[Rd] rbind has confusing result for custom sub-class (possible bug?)

Joshua Ulrich jo@h@m@u|r|ch @end|ng |rom gm@||@com
Mon May 27 16:34:34 CEST 2019


Follow-up (inline) on my comment about a potential issue in `[<-.Date`.

On Mon, May 27, 2019 at 9:31 AM Michael Chirico
<michaelchirico4 using gmail.com> wrote:
>
> Yes, thanks for following up on thread here.

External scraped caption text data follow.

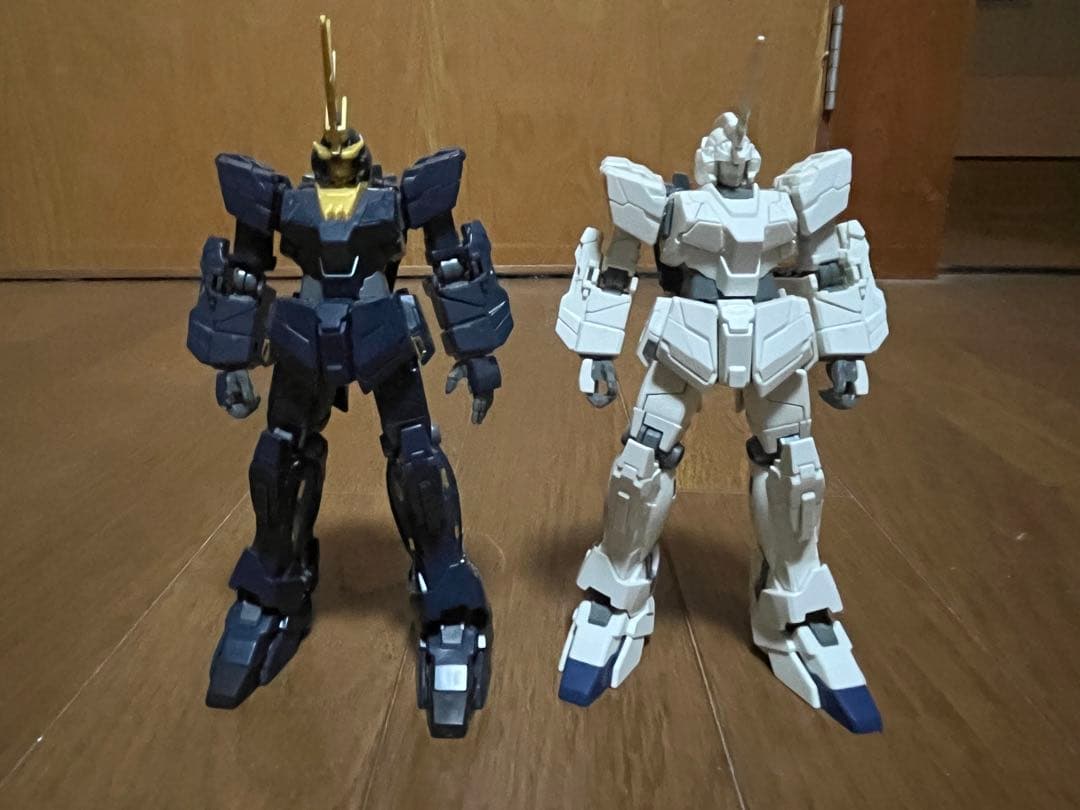 HG Unicorn Banshee 2 Unpainted Sets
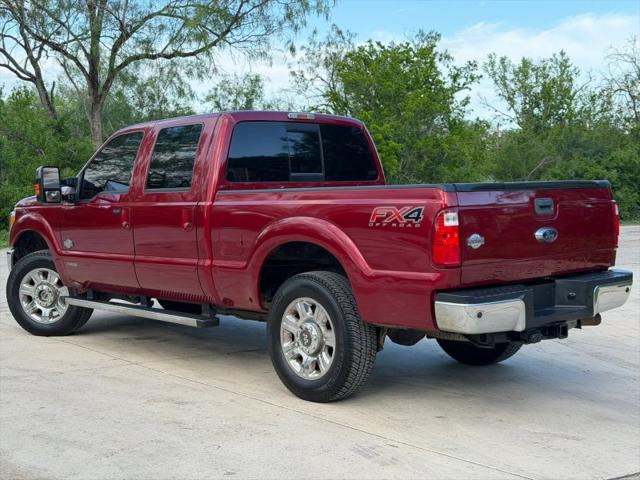 2015 Ford F-250 King Ranch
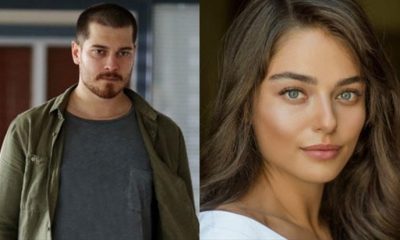 Çağatay Ulusoy ve Ayça Ayşin Turan Netflix dizisinde başrolde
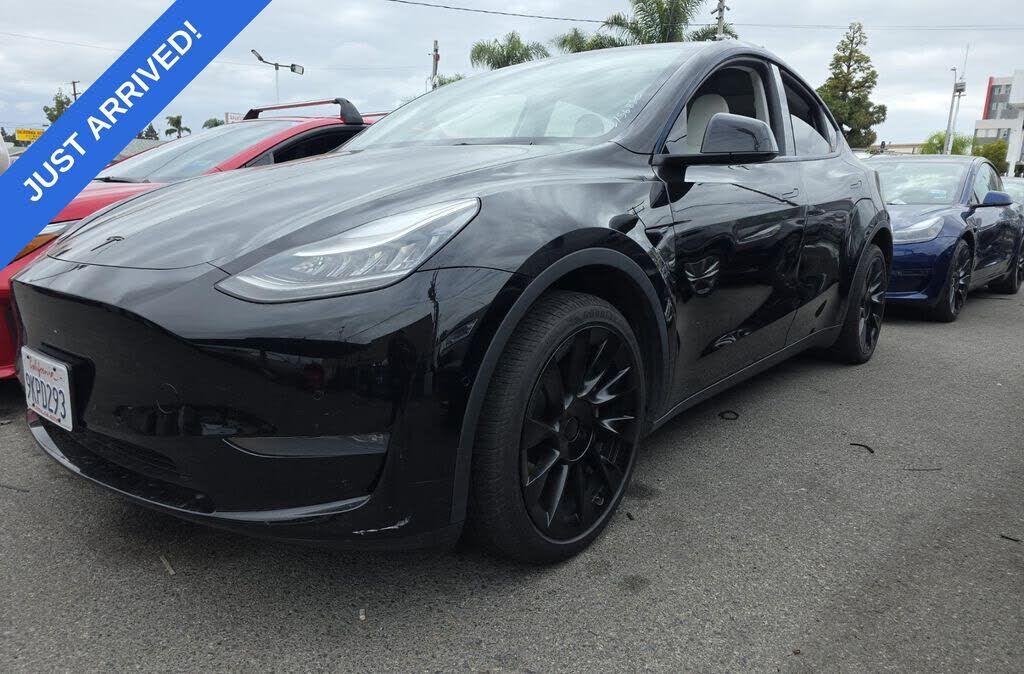 2021 TESLA Model Y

And thanks again for clearing things up, your email was a finger snap of clarity on the whole issue.
>
> I'll add that actually it was data.table's code at fault on the storage conversion -- note that if you use an arbitrary sub-class 'foo' with no methods defined, it'll stay integer.
>
> That's because [<- calls as.Date and then as.Date.IDate, and that method (ours) has as.numeric(); earlier I had recognized that if we commented that line, the issue was "fixed" but I still wasn't understanding the root cause.
>
> My last curiosity on this issue will be in my follow-up thread.
>
> Mike C
>
> On Mon, May 27, 2019, 10:25 PM Joshua Ulrich <josh.m.ulrich using gmail.com> wrote:
>>
>> On Sun, May 26, 2019 at 6:47 AM Joshua Ulrich <josh.m.ulrich using gmail.com> wrote:
>> >
>> > On Sun, May 26, 2019 at 4:06 AM Michael Chirico
>> > <michaelchirico4 using gmail.com> wrote:
>> > >
>> > > Have finally managed to come up with a fix after checking out sys.calls()
>> > > from within the as.Date.IDate debugger, which shows something like:
>> > >
>> > > [[1]] rbind(DF, DF)
>> > > [[2]] rbind(deparse.level, ...)
>> > > [[3]] `[<-`(`*tmp*`, ri, value = 18042L)
>> > > [[4]] `[<-.Date`(`*tmp*`, ri, value = 18042L)
>> > > [[5]] as.Date(value)
>> > > [[6]] as.Date.IDate(value)
>> > >
>> > > I'm not sure why [<- is called, I guess the implementation is to assign to
>> > > the output block by block? Anyway, we didn't have a [<- method. And
>> > > [<-.Date looks like:
>> > >
>> > > value <- unclass(as.Date(value)) # <- converts to double
>> > > .Date(NextMethod(.Generic), oldClass(x)) # <- restores 'IDate' class
>> > >
>> > > So we can fix our bug by defining a [<- class; the question that I still
>> > > don't see answered in documentation or source code is, why/where is [<-
>> > > called, exactly?
>> > >
>> > Your rbind(DF, DF) call dispatches to base::rbind.data.frame().  The
>> > `[<-` call is this line:
>> > value[[jj]][ri] <- if (is.factor(xij)) as.vector(xij) else xij
>> >
>> > That's where the storage.mode changes from integer to double.
>> >
>> > debug: value[[jj]][ri] <- if (is.factor(xij)) as.vector(xij) else xij
>> > Browse[2]>
>> > debug: xij
>> > Browse[2]> storage.mode(xij)
>> > [1] "integer"
>> > Browse[2]> value[[jj]][ri]
>> > [1] "2019-05-26"
>> > Browse[2]> storage.mode(value[[jj]][ri])
>> > [1] "integer"
>> > Browse[2]>
>> > debug: if (!is.null(nm <- names(xij))) names(value[[jj]])[ri] <- nm
>> > Browse[2]> storage.mode(value[[jj]][ri])
>> > [1] "double"
>> >
>> To be clear, I don't think this is a bug in rbind() or
>> rbind.data.frame().  The confusion is that rbind.data.frame() calls
>> `[<-` for each column of the data.frame, and there is no `[<-.IDate`
>> method.  So the parent class method is dispatched, which converts the
>> storage mode to double.
>>
>> Someone may argue that this is an issue with `[<-.Date`, and that it
>> shouldn't convert the storage.mode from integer to double.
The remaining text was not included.